The Myers’ insurance company is reprocessing an emergency room bill, as well. But the hope they now have to receive some of their money back has come only after countless phone calls, which have reinforced the feeling of being caught between their healthcare and insurance providers. They also feel that they likely aren’t the only ones who have dealt with this situation.

“If I thought it was us only, we’d handle it” without speaking out about it, Mr. Myers says. He adds that he and his wife don’t wish to assign blame to anyone but would like to offer suggestions for guarding against other situations like theirs. They think Heartland should either require its contractors to be part of the networks it is, refuse network coverage if its contractors will not comply or send X-rays, labs, etc. to alternative contractors that are within the network of the insured.

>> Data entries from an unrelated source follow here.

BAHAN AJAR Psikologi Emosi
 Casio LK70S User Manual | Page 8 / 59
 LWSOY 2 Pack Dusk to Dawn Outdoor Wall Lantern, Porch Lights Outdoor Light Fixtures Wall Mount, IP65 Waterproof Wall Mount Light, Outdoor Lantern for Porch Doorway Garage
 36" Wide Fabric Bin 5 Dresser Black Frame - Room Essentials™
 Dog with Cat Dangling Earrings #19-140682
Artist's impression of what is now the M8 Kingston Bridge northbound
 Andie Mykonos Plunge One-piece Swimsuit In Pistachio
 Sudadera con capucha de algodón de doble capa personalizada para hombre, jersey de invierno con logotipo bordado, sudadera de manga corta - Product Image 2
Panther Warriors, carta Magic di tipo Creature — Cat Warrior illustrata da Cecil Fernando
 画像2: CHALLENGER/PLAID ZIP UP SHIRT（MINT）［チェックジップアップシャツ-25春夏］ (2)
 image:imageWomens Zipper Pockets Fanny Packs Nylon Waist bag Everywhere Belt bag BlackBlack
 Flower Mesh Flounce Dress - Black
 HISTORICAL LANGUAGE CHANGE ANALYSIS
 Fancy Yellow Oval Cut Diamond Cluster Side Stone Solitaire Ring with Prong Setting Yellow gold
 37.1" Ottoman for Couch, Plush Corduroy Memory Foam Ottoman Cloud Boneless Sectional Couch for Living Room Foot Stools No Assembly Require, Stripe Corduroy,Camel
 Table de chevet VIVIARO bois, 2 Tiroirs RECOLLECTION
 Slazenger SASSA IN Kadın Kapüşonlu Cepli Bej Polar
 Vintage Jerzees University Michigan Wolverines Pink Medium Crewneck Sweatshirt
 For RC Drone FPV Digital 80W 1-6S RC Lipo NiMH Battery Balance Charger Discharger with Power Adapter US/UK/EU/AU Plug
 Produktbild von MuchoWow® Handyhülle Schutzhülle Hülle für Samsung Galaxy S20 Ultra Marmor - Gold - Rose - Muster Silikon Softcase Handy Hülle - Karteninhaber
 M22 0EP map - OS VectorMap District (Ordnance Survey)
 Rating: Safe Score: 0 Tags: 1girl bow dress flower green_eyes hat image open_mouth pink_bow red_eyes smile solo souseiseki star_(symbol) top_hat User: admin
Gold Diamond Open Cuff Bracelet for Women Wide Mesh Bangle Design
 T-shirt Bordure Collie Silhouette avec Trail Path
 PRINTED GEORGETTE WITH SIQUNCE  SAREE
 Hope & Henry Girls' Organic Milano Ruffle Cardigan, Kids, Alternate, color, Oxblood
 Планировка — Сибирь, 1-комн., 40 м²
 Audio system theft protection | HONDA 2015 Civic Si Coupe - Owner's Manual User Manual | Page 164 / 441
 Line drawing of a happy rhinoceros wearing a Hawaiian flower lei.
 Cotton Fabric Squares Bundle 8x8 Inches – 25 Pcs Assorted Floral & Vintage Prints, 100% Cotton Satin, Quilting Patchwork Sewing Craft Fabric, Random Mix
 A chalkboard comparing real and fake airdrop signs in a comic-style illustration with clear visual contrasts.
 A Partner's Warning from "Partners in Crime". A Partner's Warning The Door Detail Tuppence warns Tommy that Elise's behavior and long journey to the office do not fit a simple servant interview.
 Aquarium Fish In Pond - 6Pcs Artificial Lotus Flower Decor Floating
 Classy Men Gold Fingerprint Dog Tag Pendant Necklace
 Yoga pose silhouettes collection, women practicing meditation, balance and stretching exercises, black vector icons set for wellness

“We feel like we’ve received good service at Heartland and that our insurance should pay a fair price,” he says. “But we don’t know what a fair price is, and we shouldn’t have to pay the difference in what they fail to negotiate ... The consumer is stuck in the middle, and who is advocating for us?”

The Myers are planning to change insurance providers, and if there’s any good that’s come out of all of this for them, it’s that they at least know now what questions to ask when choosing a new policy. This is a lesson that everyone can take away from their experiences, notes Dottie Bray, process leader for patient access at Heartland.

“Be informed,” she says. “Be educated. Understand the benefits of your plan. It’s a message of accountability — that it’s best to ask questions up front instead of waiting until the bill comes.”